While topical therapies may suffice for mild-to-moderate atopic dermatitis, systemic agents may become necessary for more severe disease. Peter Lio, M.D., discusses his approach to treatment utilizing available therapies.
While topical therapies are often sufficient for mild or moderate eczema, adding systemic agents to the treatment regimen may become necessary for more severe disease, according to Peter Lio, M.D., Northwestern University Feinberg School of Medicine and Medical Dermatology Associates of Chicago.
“There are few systemic agents FDA-approved for children in general, let alone for atopic dermatitis. However, these agents may be used safely and efficaciously in children and have been for quite some time,” he told colleagues Friday at the Society for Pediatric Dermatology Annual Meeting in Austin, Texas.
“There is trepidation about using systemics in children in general,” he says, and this is unsurprising as few such agents have been adequately studied in this group, let alone approved by the U.S. Food and Drug Administration (FDA), so most need to be used off-label.

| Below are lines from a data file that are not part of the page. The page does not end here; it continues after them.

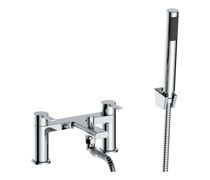 Tregada Bath/Shower Mixer - Chrome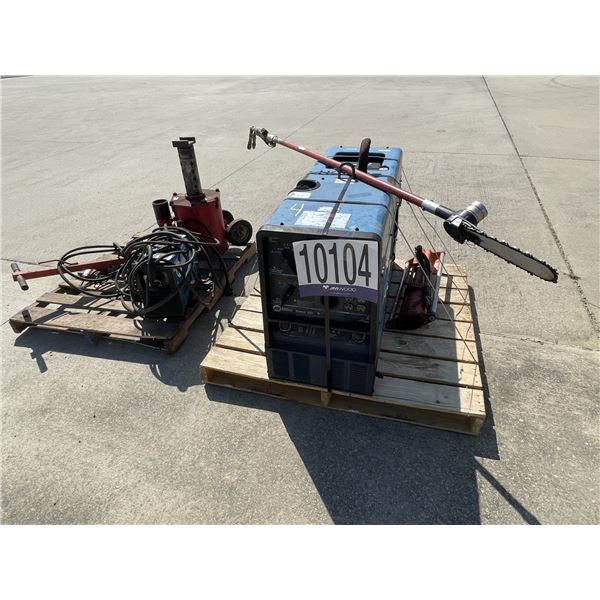 SHOP EQUIPMENT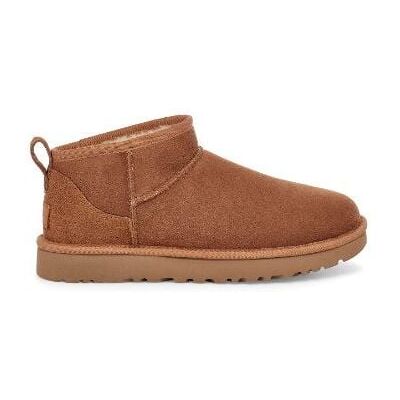 Stivali invernali da donna UGG Classic Ultra Mini (castagna) 38 (7 US) Stivali invernali da donna UGG Classic Ultra Mini (castagna) 38 (7 US)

As a result, he says, “Many clinicians are not comfortable with them, so it falls upon pediatric dermatologists disproportionately.”
Key agents include dupilumab (Dupixent, Sanofi), which is FDA-approved for adolescents, and cyclosporine, which he favors. However, he cautions that it must be used with care because it is associated with real risks, including hypertension, kidney damage, hypertrichosis and cancer/infection risk.
After topical care has been maximised, cyclosporine can offer rapid and sustained relief for many patients, he explains.
“When used carefully and for a relatively short period of time (several months), it can be both safe and effective to get things under better control. In certain cases, this may not be possible or suitable, so dupilumab can be used in patients 12 and up, but also has been used in younger patients off-label,” he says.
Atopic dermatitis is a complex, multi-faceted disease, he emphasizes. It’s really not one disease at all, but a collection of similar conditions.
“It often takes several modalities to get durable improvement and break the vicious cycle of atopic dermatitis,” he explains. “For many patients, just having them use triamcinolone when needed is simply not enough, so a more comprehensive plan that addresses skin barrier, bacterial imbalance, and behavioral components may be necessary to obtaining clear skin.”
There has not been much in terms of treatment development for severe atopic dermatitis over the last few decades but currently there are several potential products in the pipeline.
The JAK inhibitors, both topical and oral, seem extremely effective, although there are some important potential associated side effects to consider, he says.
“Topical tapinarof has great promise as a new non-steroidal agent, but we need to better understand its risks and benefits with larger studies,” he adds.